Gold prices experienced a slight dip on Thursday, pulling back towards the $3,500 level after reaching a record high of $3,578 on Wednesday. While the price has paused temporarily, the overall trend remains bullish, with the strong demand for gold still intact, keeping higher breakout targets in play.
Gold Takes a Breather but Long-Term Momentum Stays Bullish
The price of gold saw a minor retracement on Thursday, falling to $3,511—just below Wednesday’s low. However, it quickly rebounded to the upper half of the session’s range, suggesting that buying interest remains strong. The pullback tested the $3,500 level, which previously acted as resistance and is now expected to act as support. If the price dips further, this $3,500 level will be the first key support to monitor, as it holds critical importance in maintaining the bullish trend.
Breakout Targets in Focus: $3,779 and $3,966 on the Horizon
Wednesday’s surge to a new all-time high of $3,578 marked the completion of the first target from a rising ABCD pattern within the recently broken symmetrical triangle consolidation. This breakout was further confirmed by the long-term Fibonacci extension at $3,563. Last week’s close above the July 21 swing high reinforced this bullish momentum, signaling that gold is set to continue its upward trajectory.
Looking ahead, the measured move projections indicate potential upside targets of $3,779 and $3,966, based on the triangle breakout and the rapid advance preceding it. Although short-term hurdles, including the Fibonacci confluence zone around $3,662, must be overcome, the broader bullish trend remains intact, and a continuation higher is expected once these obstacles are cleared.
Weekly and Monthly Trends Confirm Bullish Momentum
Beyond the daily chart, this week’s price action has further confirmed gold’s strength.
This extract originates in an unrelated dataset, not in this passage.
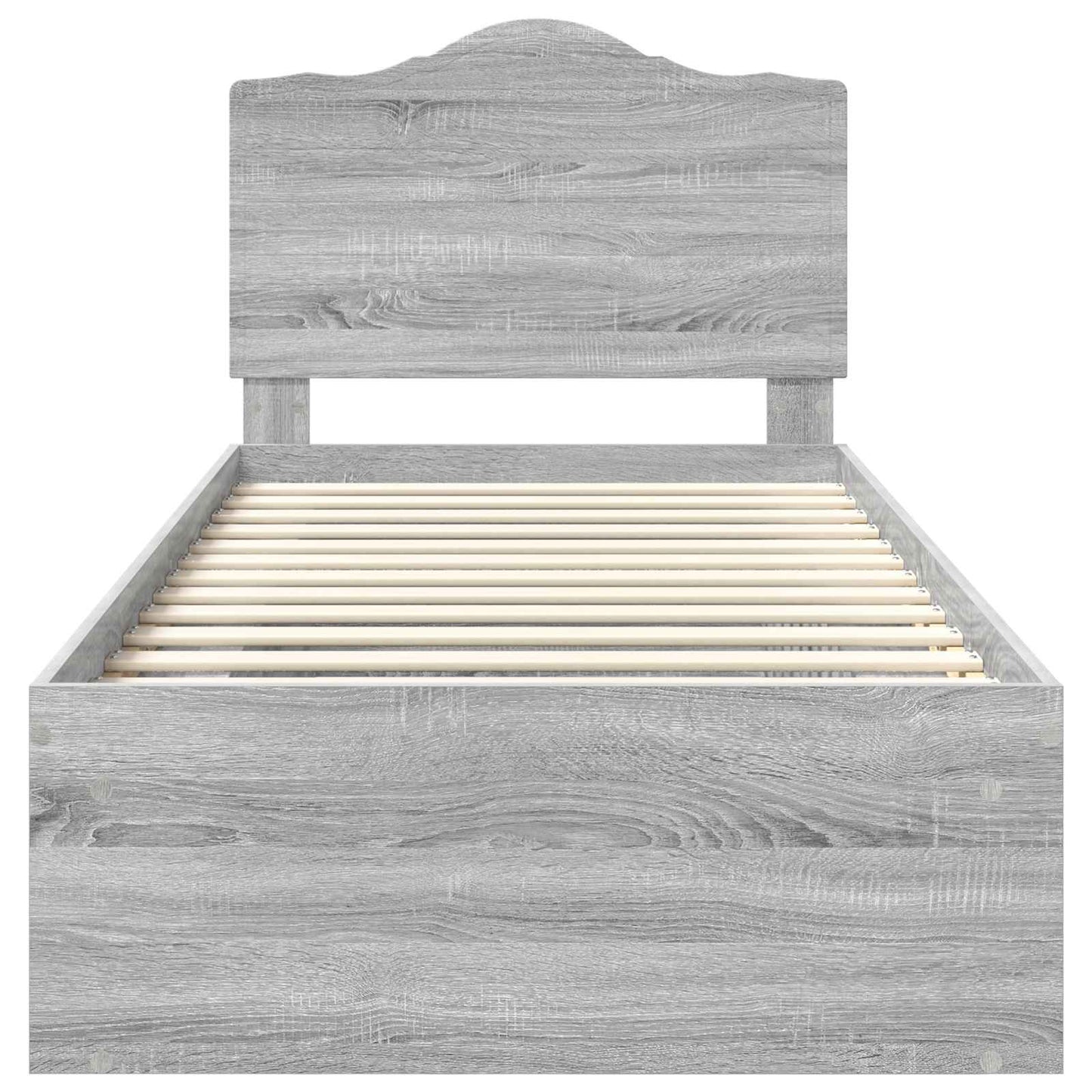 Struttura del letto Grigio Sonoma 90 x 190 cm Pino massello | homemem39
The formation of a higher weekly low reinforces the underlying bullish trend, creating additional short-term support. With last month’s record close and the weekly breakout poised to hold above $3,500, gold’s long-term bullish outlook remains strong. A weekly close above $3,500 will mark another milestone, confirming the ongoing demand for the yellow metal.
Near-Term Hurdles and Key Support Levels
In the short term, gold will need to surpass the $3,662 resistance level, derived from Fibonacci confluence, to maintain momentum towards the next targets. Any pullbacks towards the $3,500 support area should be seen as buying opportunities, with the trend likely to continue higher once the $3,662 hurdle is cleared. Despite the risk of a consolidation phase, the combination of daily, weekly, and monthly breakout signals suggests that buyers remain in control and are likely to sustain the rally in the coming weeks.
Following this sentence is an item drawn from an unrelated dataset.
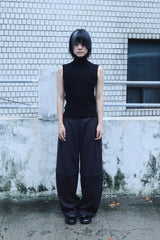 2 PARTS WOOL PANTS / CHARCOAL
Gold Price Technical Overview
- Current Price (XAU/USD): $3,511
- Previous High: $3,578
- Key Support Levels: $3,500 (previous resistance now acting as support)
- Near-Term Resistance: $3,662 (Fibonacci confluence level)
- Target Zones: $3,779 (first upside target), $3,966 (second upside target)
Conclusion: Gold Bullish Trend Remains Intact
Despite the minor pullback, the overall outlook for gold remains extremely bullish. The market is seeing strong demand, driven by factors such as geopolitical uncertainty, rising Fed rate cut expectations, and continued economic challenges. With a breakout above key resistance levels and potential for continued gains, traders should stay focused on further upside targets while keeping an eye on key support zones to maintain a positive outlook for the precious metal.